> WHAT THIS TASK INVOLVES: Among the records below, which lines contain the string "Women"? Report them.

(Records from a data source)
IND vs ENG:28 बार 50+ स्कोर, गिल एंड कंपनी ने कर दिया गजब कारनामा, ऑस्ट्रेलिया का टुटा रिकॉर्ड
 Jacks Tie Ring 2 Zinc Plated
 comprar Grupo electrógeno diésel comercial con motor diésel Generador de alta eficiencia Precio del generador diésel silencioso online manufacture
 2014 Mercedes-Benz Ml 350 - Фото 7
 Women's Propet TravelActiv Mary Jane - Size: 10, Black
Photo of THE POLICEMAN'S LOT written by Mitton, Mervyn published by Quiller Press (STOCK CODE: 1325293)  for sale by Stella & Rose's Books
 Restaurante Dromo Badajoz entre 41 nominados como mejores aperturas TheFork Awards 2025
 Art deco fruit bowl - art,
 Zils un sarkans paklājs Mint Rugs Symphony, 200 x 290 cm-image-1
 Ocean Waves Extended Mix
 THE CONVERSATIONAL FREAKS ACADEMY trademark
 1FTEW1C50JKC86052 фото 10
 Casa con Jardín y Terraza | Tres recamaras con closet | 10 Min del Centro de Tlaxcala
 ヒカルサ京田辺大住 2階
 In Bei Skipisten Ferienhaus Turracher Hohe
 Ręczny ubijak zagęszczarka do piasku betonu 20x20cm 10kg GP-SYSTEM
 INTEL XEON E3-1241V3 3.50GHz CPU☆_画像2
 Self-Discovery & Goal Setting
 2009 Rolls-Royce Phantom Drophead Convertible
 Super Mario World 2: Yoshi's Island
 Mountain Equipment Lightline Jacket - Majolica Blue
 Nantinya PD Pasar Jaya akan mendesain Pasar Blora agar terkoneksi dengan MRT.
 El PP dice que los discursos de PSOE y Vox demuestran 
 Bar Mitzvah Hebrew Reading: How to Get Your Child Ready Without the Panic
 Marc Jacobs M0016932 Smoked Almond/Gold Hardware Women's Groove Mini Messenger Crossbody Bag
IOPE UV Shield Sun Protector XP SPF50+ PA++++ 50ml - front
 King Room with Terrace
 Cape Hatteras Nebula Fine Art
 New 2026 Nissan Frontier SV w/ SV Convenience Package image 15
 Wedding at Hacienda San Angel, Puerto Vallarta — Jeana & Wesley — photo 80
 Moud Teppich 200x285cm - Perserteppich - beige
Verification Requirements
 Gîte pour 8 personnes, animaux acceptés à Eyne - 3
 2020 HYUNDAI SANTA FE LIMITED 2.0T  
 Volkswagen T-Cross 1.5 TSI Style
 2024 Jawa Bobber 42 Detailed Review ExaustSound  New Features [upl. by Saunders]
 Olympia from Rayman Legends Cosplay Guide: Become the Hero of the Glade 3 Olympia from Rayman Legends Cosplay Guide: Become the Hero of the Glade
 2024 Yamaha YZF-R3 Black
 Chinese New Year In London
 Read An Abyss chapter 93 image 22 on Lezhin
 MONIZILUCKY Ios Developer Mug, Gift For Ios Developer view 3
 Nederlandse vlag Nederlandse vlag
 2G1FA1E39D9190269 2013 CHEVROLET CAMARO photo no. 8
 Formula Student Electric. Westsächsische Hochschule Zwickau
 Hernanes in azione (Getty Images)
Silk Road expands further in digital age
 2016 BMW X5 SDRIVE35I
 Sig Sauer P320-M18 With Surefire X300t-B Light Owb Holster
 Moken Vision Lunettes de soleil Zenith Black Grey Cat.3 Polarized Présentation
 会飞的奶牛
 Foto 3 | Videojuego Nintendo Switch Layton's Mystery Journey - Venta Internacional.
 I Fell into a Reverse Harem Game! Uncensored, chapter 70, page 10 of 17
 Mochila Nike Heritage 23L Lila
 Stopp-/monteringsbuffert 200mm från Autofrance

> OUTPUT OF THE EXERCISE:
 Women's Propet TravelActiv Mary Jane - Size: 10, Black
 Marc Jacobs M0016932 Smoked Almond/Gold Hardware Women's Groove Mini Messenger Crossbody Bag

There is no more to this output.